TASK DIRECTIONS: The entries that follow include a run beginning at the line with "Used 2022 Nissan" and ending at the line with "2016 RAM ProMaster Cargo Van 1500 LOW RF 136"; restate that run word for word and leave the rest out.

SUPPLIED DATA:
== Segment start ==

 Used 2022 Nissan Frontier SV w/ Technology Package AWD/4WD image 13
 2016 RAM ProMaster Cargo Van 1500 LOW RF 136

== Segment end ==
== Segment start ==

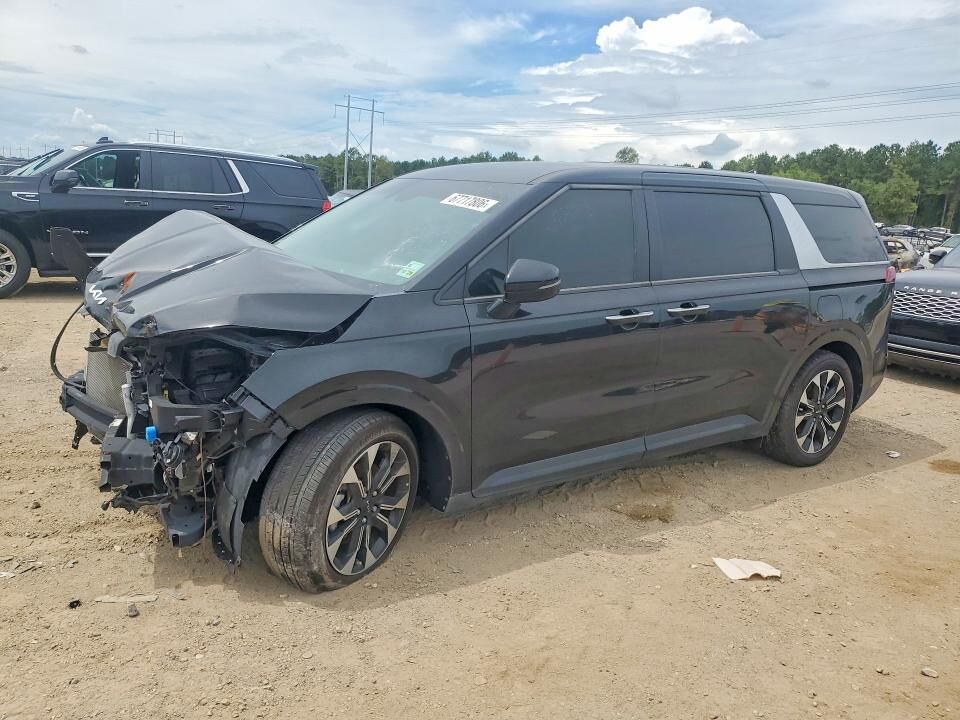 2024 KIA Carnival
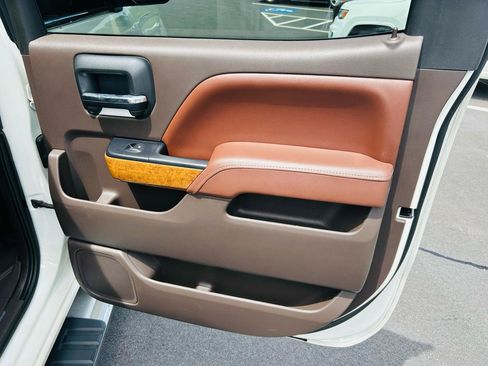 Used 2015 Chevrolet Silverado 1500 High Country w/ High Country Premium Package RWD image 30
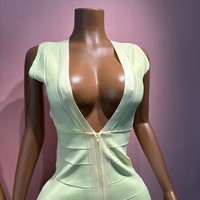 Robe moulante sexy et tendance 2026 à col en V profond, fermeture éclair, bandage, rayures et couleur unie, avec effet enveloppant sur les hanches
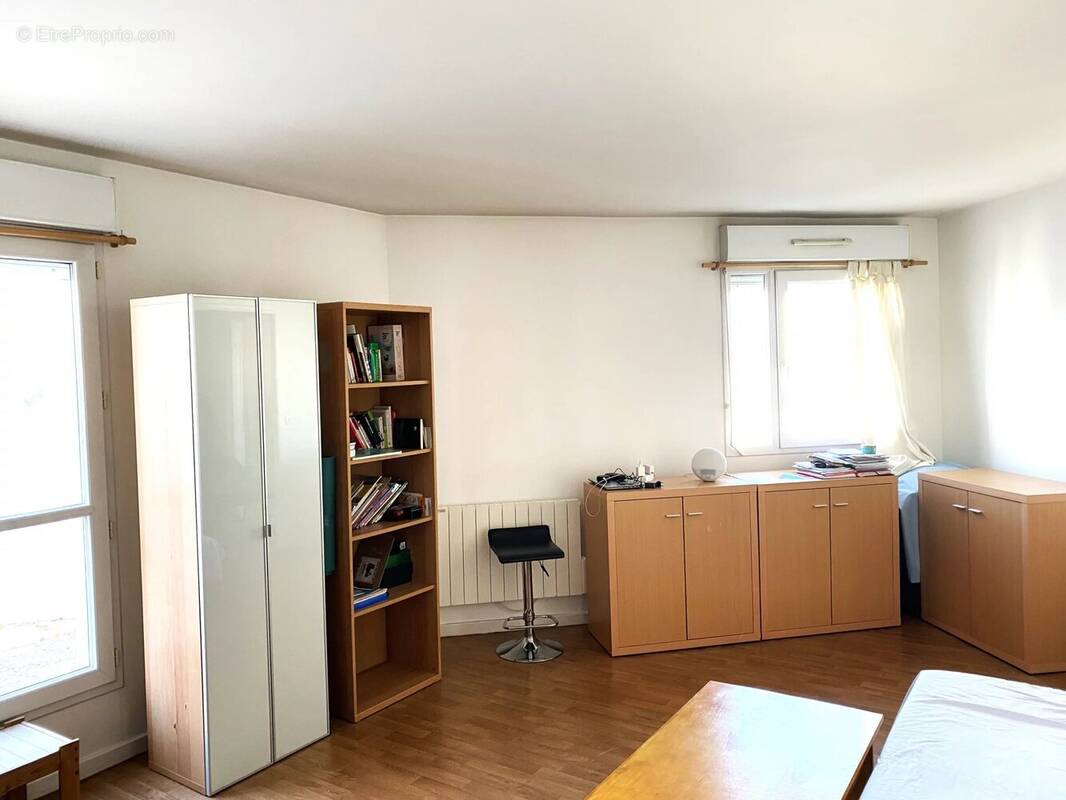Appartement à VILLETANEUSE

== Segment end ==
== Segment start ==

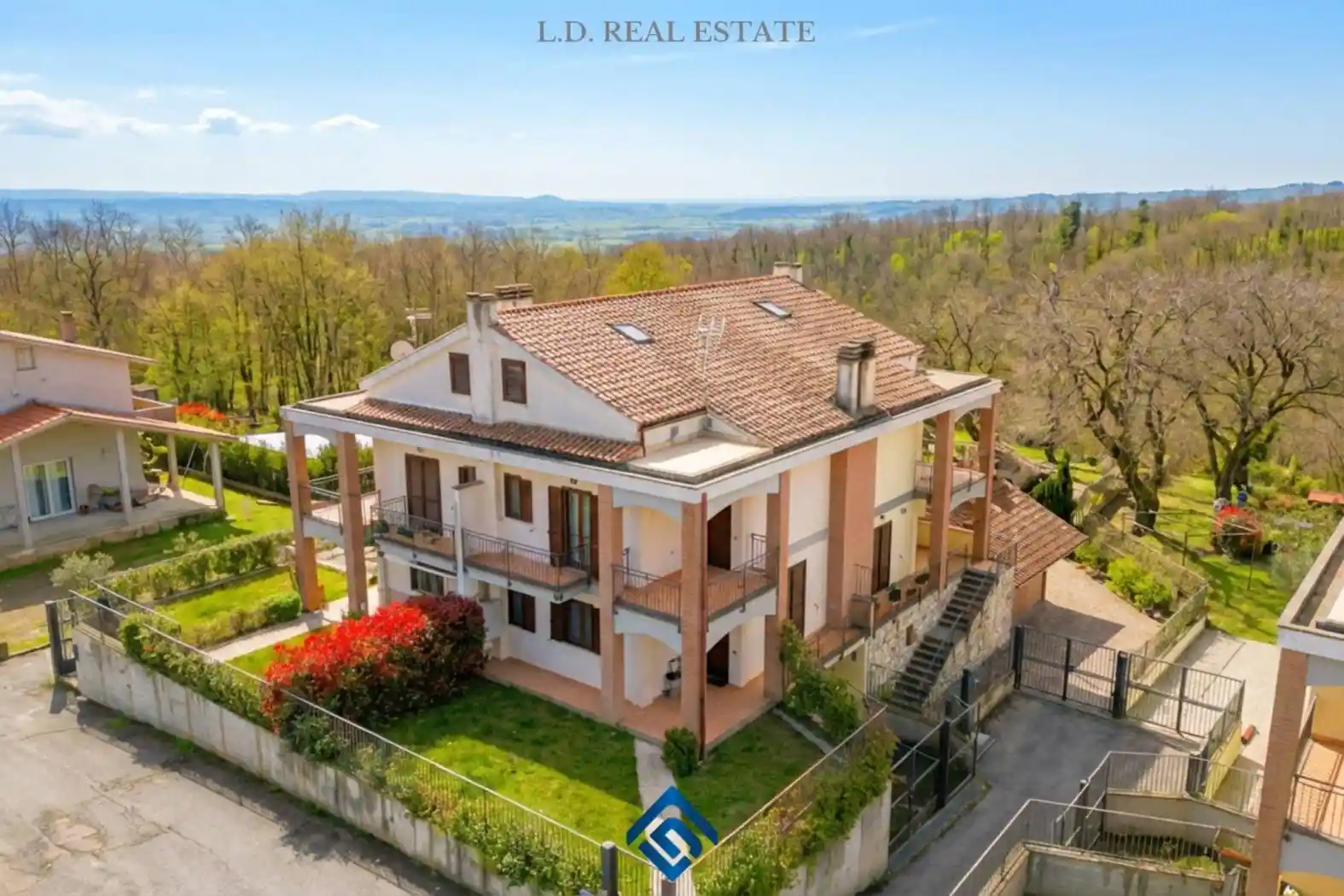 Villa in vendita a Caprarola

== Segment end ==

SOLUTION FOR THIS TASK:
 Used 2022 Nissan Frontier SV w/ Technology Package AWD/4WD image 13
 2016 RAM ProMaster Cargo Van 1500 LOW RF 136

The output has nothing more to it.